There are tremendous efforts underway in a number of labs with expertise to respond to the pandemic, whether that be discovery of new therapeutics and vaccines or testing of personal protective equipment to augment predicted shortages of these life-saving instruments. There are also, however, a very large number of laboratories that have had to close down during this period. We realize the unease and frustration that this is causing, and the significant and difficult impacts this cessation of operations as usual is having on student researchers, faculty and staff paid from sponsored funds, and indeed in the progress of important scientific inquiry.
Although we have primarily been working in react mode, we realize the importance of starting to plan an exit strategy from our current status that considers the safety of personnel as well as the security of returning to our familiar roles and routines. We are in communication with central leadership about many of the questions you are undoubtedly having about the resource impact from this abrupt shut down of operations. We will continue to update our research continuity website with resources available to our research community and we will stay in touch via email. We will also begin considering what the re-entry phase may look like, and provide communication about these thoughts and policy development that is underway as processes begin to unfold.

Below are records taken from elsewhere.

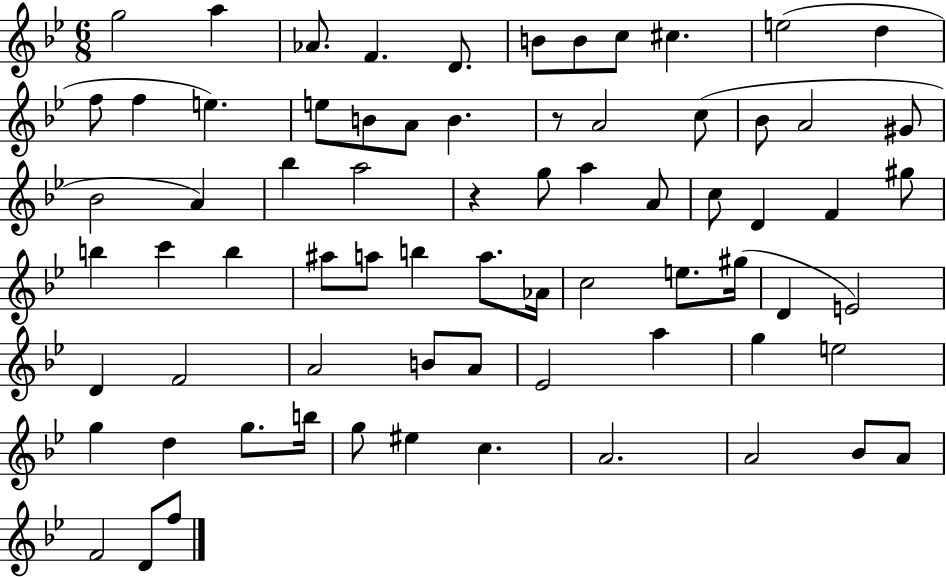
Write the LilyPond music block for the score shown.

{
  \clef treble
  \numericTimeSignature
  \time 6/8
  \key bes \major
  g''2 a''4 | aes'8. f'4. d'8. | b'8 b'8 c''8 cis''4. | e''2( d''4 | \break f''8 f''4 e''4.) | e''8 b'8 a'8 b'4. | r8 a'2 c''8( | bes'8 a'2 gis'8 | \break bes'2 a'4) | bes''4 a''2 | r4 g''8 a''4 a'8 | c''8 d'4 f'4 gis''8 | \break b''4 c'''4 b''4 | ais''8 a''8 b''4 a''8. aes'16 | c''2 e''8. gis''16( | d'4 e'2) | \break d'4 f'2 | a'2 b'8 a'8 | ees'2 a''4 | g''4 e''2 | \break g''4 d''4 g''8. b''16 | g''8 eis''4 c''4. | a'2. | a'2 bes'8 a'8 | \break f'2 d'8 f''8 | \bar "|."
}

The COVID pandemic has been characterized as a ‘black swan’ event- an unpredictable, rare event with severe consequences that, in hindsight, was completely predictable. These events alter the course of history, often with the outcome of an enhanced period of innovation. As we begin the upslope from the shutdown, we will very likely find new opportunities that will provide unprecedented opportunities for scientific impact and unprecedented creativity. Our office will be poised to assist you with this transition when the time comes for this reentry to our new world.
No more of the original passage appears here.